Wednesday, May 5, 2010

American Idol: Harry Situation

I’m a bit more forgiving when it comes to Frank Sinatra Week (or Rat Pack Week or Big Band Week or whatever euphemism the show’s producers want to use to cover up for the fact that they ran out of ideas for theme nights four years ago) on “American Idol.”

I’ve been swing dancing for the better part of eight years, so the music from that era pretty much gets me moving involuntarily.

Even with the deck stacked in the show’s favor, and despite the presence of an energetic, charismatic and truly involved (maybe TOO involved) guest mentor, I still feel like “American Idol” came up short last night.

I’m guessing the big reason is that I just don’t feel all the love for Lee DeWyze.

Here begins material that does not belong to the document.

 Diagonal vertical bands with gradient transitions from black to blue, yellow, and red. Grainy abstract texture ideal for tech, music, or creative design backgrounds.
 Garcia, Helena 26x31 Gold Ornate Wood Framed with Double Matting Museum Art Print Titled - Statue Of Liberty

Yes, he seems like a nice enough/humble guy. Yes, he’s noticeably improved his stage presence. (Before, it was more of a “stage absence.”) And, yes, I can objectively see that he has the most distinctive, radio-friendly tone out of all the remaining finalists. (Even if I’m not personally a fan of his constipated/strained singing.)

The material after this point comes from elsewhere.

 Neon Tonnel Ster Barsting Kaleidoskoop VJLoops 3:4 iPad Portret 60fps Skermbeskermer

Still, for whatever reason, I just can’t shake the feeling that the judges are going out of their way to prop this guy up to be more than what he really is. (It’s pretty much the exact opposite of how they treated Kris Allen — I’m betting Simon is still trying to figure out how Kris won.)

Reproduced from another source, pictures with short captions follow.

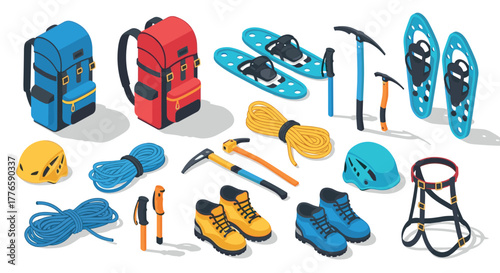 Isometric mountaineering gear set backpacks, climbing equipment, and winter accessories
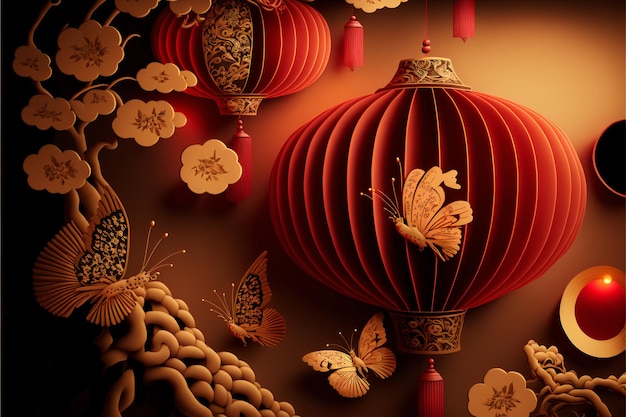 Photo chinese new year decoration background with generative ai technology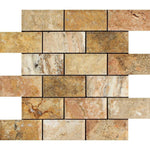 2 X 4 Scabos Travertine Honed & Beveled Brick Mosaic-Travertine Mosaic-American Tile Depot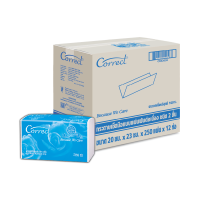 ราคา Correct กระดาษเช็ดมือชนิดแผ่น 2 ชั้น 250 แผ่น/ห่อ บรรจุ 12 ห่อ/ลัง (ยกลัง) (7400544043203)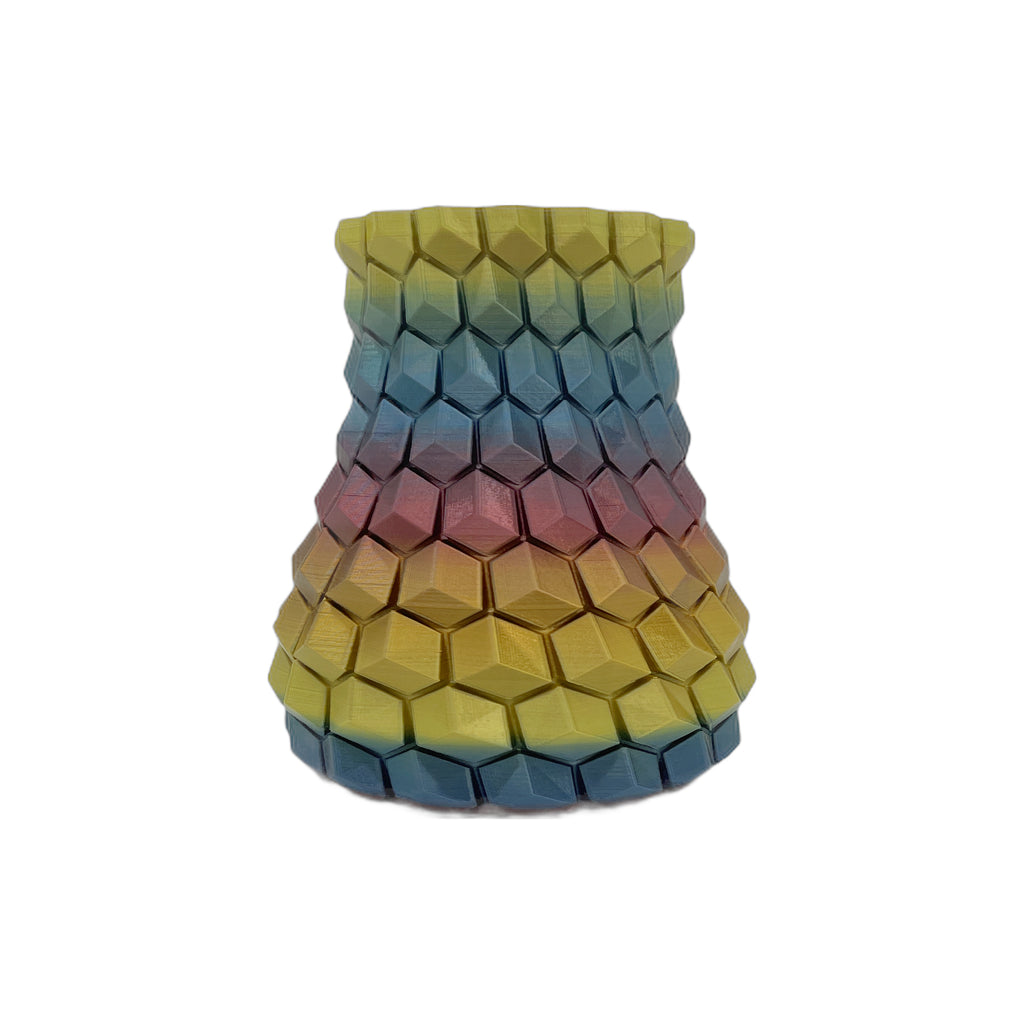 3D Printed Honeycomb Vase 6” (L)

I mean, I liked mini-Connick Jr’s take on “That’s Life” just fine. I REALLY liked that (although he still appears nervous), he was visibly feeling the song on stage. I just wish the judges would call him out on his occasional pitch problems or the fact that much of his first verse was unintelligible or, you know, ANYTHING. Again, Lee is a nice guy and he’s a good singer, but he’s not the do-no-wrong superstar the judges seem to be treating him like.

Of course, there’s a realistic chance that Lee can win – I can’t say the same for the likes of Aaron Kelly and Casey James.

I wouldn’t have included Casey James in that sentence before last night, but his cover of “Blue Skies” was absolutely brutal. (Not quite Paige Miles-brutal, but still…) His first note was off, he looked lost without his guitar (dude needed a mic stand to anchor him) and the judges (or at least Kara) finally noticed his goat-like tone when he holds out a note. Just not a good night for Mr. James, though judging from how Simon’s joke about him having a gig ready next Tuesday bombed, I’m not surprised he was able to avoid the bottom two.

Instead, it was Aaron who went home after a particularly lifeless take on “Fly Me to the Moon.” Besides not at all adapting his style to the night’s musical theme (other than ditching the tragically “edgy” hairstyle he usually sports), he seemed completely disconnected from the lyrics. More annoyingly, his movements on stage seem to be completely on autopilot. He reminds me of a videogame avatar in the Karaoke Revolution videogame I used to play. Ok, that’s not true – I still play that game.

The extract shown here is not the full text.